January is book month in our house. It’s when we finally come to grips with reading all the titles that accumulated over Christmas and, in my case, a January birthday.
I’ve read Ta-Nehisi Coates’s We Were Eight Years in Power: An American Tragedy, Chrystia Freeland’s Plutocrats: The Rise of the Rise of the New Global Super-Rich and the Fall of Everyone Else, Yuval Noah Harari’s Homo Deus: A Brief History of Tomorrow, and Jane Mayer’s Dark Money: the Hidden History of the Billionaires Behind the Rise of the Radical Right.
These books are uniquely inter-related, beautifully researched, au courant and collectively depressing.
I say depressing because they register with me profoundly while I’m still developing survival mechanisms to cope with the Donald Trump presidency and its daily takedown of regulations, treaties, laws and public funding for the basic elements of what I consider civilized life.
For the past year, I’ve self-diagnosed an ongoing low-grade depression, which underpins my psyche. I know it’s there because things that ordinarily didn’t depress me – like reading insightful, future-oriented prose – now do. It’s as if a tipping point has been reached in my mind.

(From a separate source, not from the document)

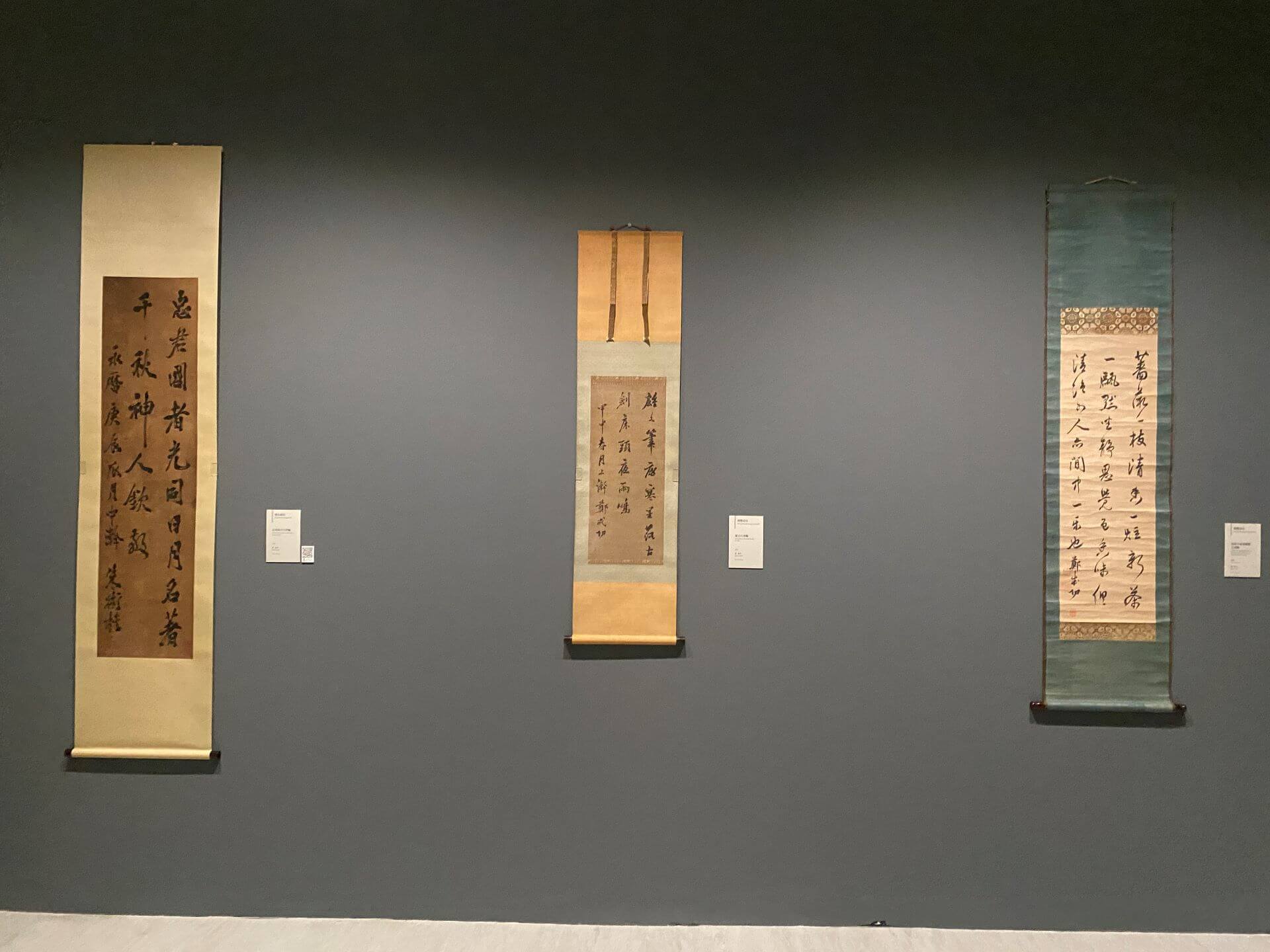 陳列於本展入口的三件書法，（傳）朱術桂《忠君格言行書軸》與（傳）鄭成功《行文行書軸》、《四庫全書尋樂篇行書》。（攝影／劉錡豫）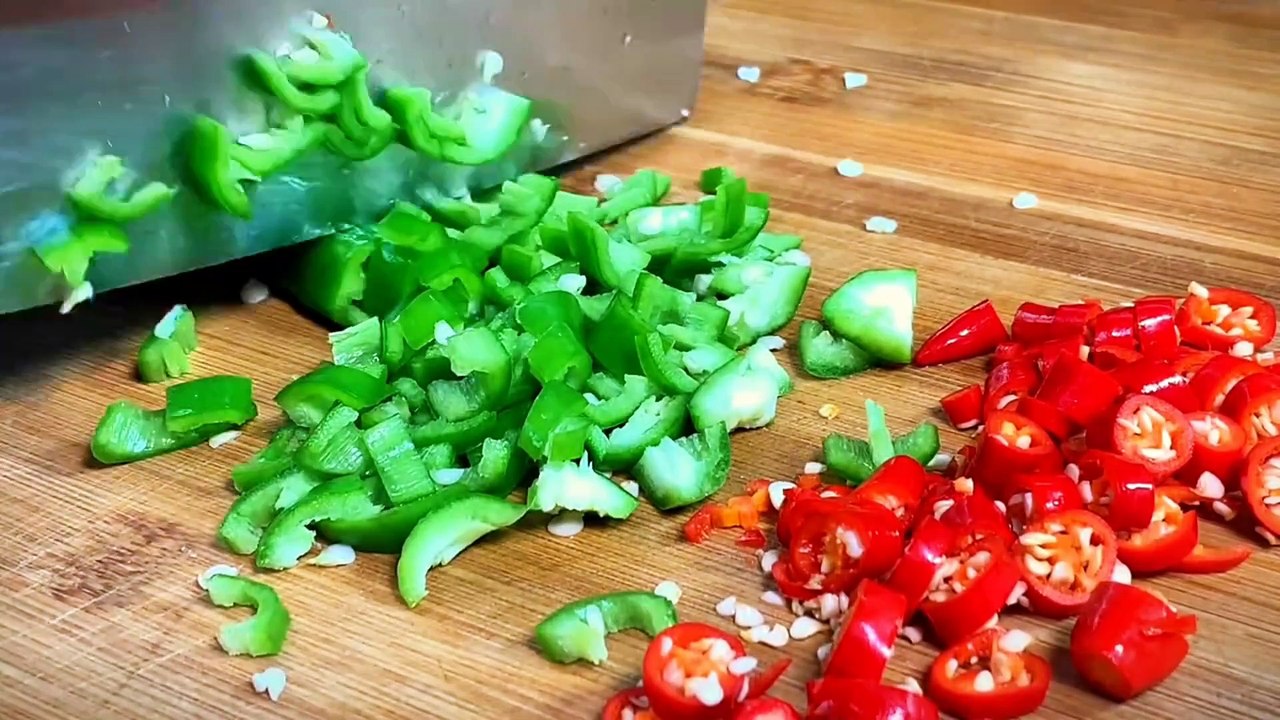 Chinese cuisine recipe, covered with cucumber and egg cake, with rich fragrance  delicious nutrition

Coates chronicles the eight years of Barack Obama’s presidency with great passion and analysis. The main chapters are eight expanded essays that originally appeared in The Atlantic magazine. They describe how a man of African descent managed two terms as president of the United States with care, thought and distinction. It was possible to dream that America had made racial progress. It exemplified the power of decency and rational thought on topics ranging from stopping the collapse of the U.S. banking system, to negotiating the Paris Agreement on climate action, to the Iran nuclear deal framework to restrain nuclear proliferation.
And then it all came to an end in a vulgar electoral crash.
Harari’s book considers the history of man’s quest to become digital, algorithmic gods. Now that we’ve conquered famine, plague and war, we have a new human goal: to become godlike. He brilliantly summarizes our potential future into short, medium and long-term horizons. Today, we must deal with Kim Jong-un and Trump’s shortcomings; tomorrow, it’s vanquishing the perils of climate change. But ultimately, it’s coming to grips with digitization and the potential loss of human consciousness.
Harari leaves us with the feeling that it’s our lack of attention to the long-term implications of information technology that will ultimately do us in. He thinks we’re vulnerable to capture as a species by artificial intelligence, machine behaviour and a loss of the essence of human serendipity. We’re already in a world, he cautions, where 300 Facebook ‘likes’ reveal more algorithmically about an individual than the sum knowledge of long-term spouses or parents.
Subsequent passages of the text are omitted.